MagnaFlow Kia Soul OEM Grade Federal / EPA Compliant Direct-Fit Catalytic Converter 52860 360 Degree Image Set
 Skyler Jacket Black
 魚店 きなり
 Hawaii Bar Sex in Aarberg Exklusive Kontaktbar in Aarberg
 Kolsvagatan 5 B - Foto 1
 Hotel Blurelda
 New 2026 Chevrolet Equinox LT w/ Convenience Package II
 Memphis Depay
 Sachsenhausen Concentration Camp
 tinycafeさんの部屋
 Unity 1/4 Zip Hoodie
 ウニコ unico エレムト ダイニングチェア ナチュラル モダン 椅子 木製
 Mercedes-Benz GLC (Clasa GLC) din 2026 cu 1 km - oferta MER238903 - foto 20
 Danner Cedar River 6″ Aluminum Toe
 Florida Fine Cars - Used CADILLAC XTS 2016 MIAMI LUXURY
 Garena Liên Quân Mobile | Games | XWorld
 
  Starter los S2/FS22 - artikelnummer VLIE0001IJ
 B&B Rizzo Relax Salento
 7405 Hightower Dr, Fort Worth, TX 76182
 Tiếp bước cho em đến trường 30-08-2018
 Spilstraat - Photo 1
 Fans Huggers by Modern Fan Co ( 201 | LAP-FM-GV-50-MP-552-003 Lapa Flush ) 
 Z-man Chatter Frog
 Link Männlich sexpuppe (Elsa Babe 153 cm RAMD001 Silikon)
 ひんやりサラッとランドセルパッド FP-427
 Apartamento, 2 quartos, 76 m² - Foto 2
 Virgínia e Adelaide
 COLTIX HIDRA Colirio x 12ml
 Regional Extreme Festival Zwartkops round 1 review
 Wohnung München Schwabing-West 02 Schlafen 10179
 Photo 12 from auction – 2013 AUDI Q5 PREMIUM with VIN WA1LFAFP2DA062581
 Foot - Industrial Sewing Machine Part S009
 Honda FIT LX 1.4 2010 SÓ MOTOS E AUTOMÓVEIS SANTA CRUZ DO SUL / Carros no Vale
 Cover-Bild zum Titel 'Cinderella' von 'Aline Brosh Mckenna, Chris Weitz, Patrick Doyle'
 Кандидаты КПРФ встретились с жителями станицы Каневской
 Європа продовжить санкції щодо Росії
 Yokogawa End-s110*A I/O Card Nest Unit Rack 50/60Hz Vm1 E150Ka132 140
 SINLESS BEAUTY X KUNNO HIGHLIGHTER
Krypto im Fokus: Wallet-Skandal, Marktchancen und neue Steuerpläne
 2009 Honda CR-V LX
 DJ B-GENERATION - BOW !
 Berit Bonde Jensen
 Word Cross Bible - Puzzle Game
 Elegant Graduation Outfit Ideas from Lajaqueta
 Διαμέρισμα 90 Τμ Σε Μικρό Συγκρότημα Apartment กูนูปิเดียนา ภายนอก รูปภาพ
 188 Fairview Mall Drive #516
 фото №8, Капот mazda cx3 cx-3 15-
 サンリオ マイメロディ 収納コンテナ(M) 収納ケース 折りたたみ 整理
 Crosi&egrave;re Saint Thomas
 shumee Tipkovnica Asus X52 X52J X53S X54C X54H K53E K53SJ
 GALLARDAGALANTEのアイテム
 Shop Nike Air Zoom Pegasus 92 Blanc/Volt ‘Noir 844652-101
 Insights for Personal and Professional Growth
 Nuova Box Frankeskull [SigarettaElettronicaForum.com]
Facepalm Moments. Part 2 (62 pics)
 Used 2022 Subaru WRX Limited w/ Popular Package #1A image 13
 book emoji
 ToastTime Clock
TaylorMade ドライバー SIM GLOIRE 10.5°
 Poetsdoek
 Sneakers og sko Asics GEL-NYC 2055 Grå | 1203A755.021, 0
=-=-=
Could you set down, exactly as written, the lines above between the one holding "Unity 1/4 Zip Hoodie" and the one holding "Virgínia e Adelaide", inclusive, and nothing more?

# [OUTPUT OF THE TASK]
 Unity 1/4 Zip Hoodie
 ウニコ unico エレムト ダイニングチェア ナチュラル モダン 椅子 木製
 Mercedes-Benz GLC (Clasa GLC) din 2026 cu 1 km - oferta MER238903 - foto 20
 Danner Cedar River 6″ Aluminum Toe
 Florida Fine Cars - Used CADILLAC XTS 2016 MIAMI LUXURY
 Garena Liên Quân Mobile | Games | XWorld
 
  Starter los S2/FS22 - artikelnummer VLIE0001IJ
 B&B Rizzo Relax Salento
 7405 Hightower Dr, Fort Worth, TX 76182
 Tiếp bước cho em đến trường 30-08-2018
 Spilstraat - Photo 1
 Fans Huggers by Modern Fan Co ( 201 | LAP-FM-GV-50-MP-552-003 Lapa Flush ) 
 Z-man Chatter Frog
 Link Männlich sexpuppe (Elsa Babe 153 cm RAMD001 Silikon)
 ひんやりサラッとランドセルパッド FP-427
 Apartamento, 2 quartos, 76 m² - Foto 2
 Virgínia e Adelaide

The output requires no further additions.